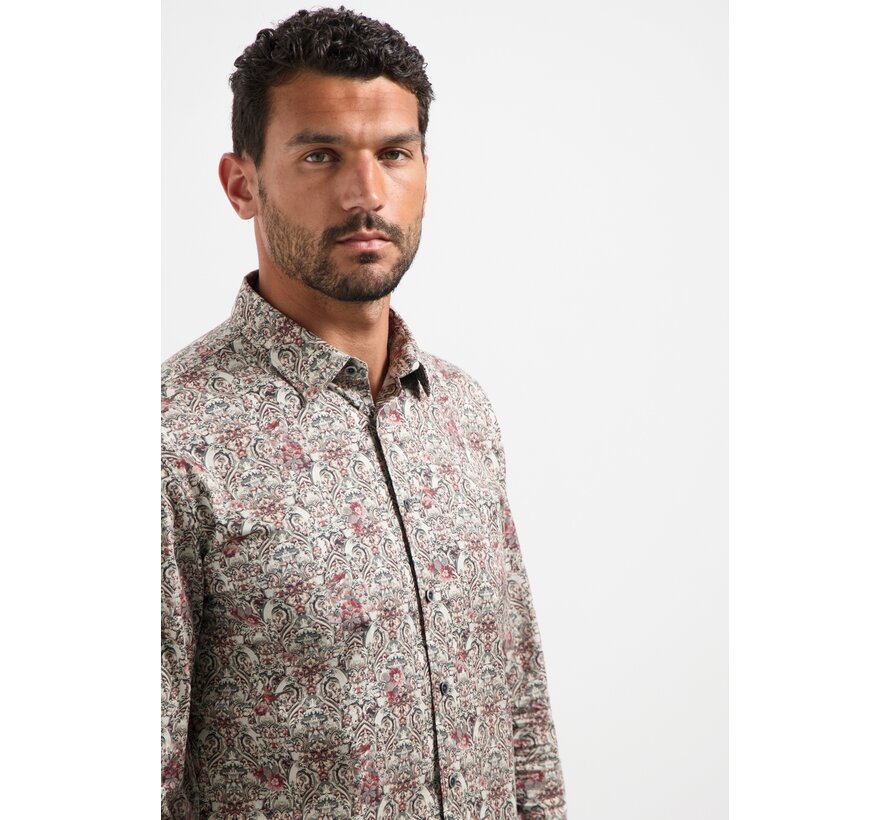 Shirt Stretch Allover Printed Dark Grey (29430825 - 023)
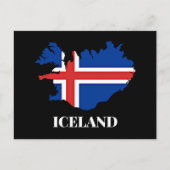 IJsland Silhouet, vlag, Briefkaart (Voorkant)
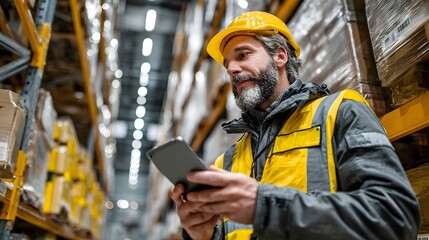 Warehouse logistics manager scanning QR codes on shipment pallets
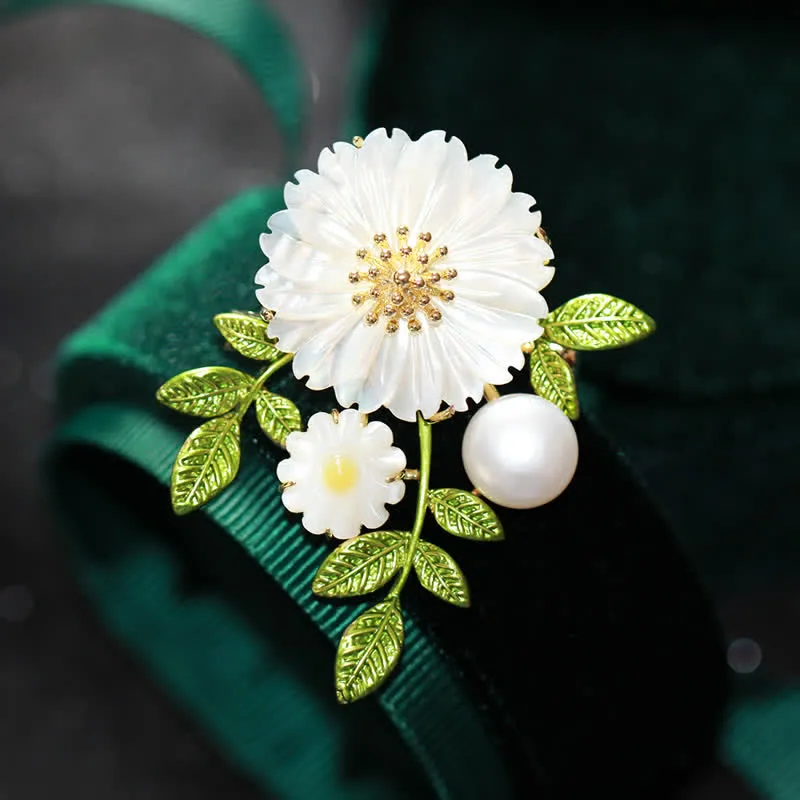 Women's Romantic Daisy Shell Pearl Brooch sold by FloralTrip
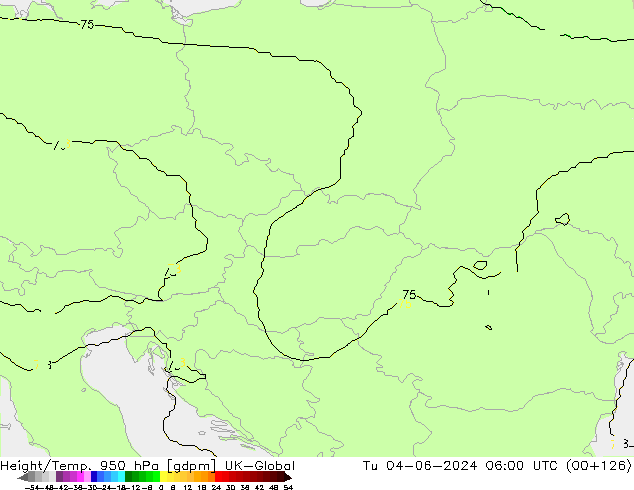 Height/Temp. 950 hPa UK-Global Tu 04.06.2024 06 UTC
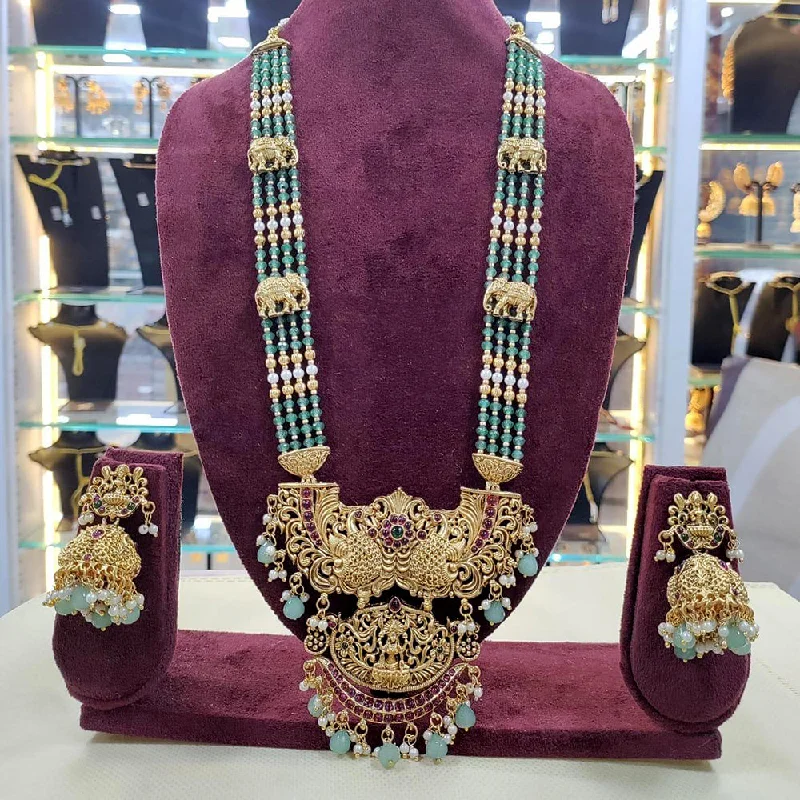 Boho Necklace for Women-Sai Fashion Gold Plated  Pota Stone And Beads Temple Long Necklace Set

= = = =

◆ Exercise ◆
Only the lines from the first line of the data above through the line with "Height/Temp. 950 hPa" should appear in the answer, retyped exactly, with every picture left out.

◆ Response below ◆
 Shirt Stretch Allover Printed Dark Grey (29430825 - 023)
 IJsland Silhouet, vlag, Briefkaart (Voorkant)
 Warehouse logistics manager scanning QR codes on shipment pallets
 Women's Romantic Daisy Shell Pearl Brooch sold by FloralTrip
 Height/Temp. 950 hPa UK-Global Tu 04.06.2024 06 UTC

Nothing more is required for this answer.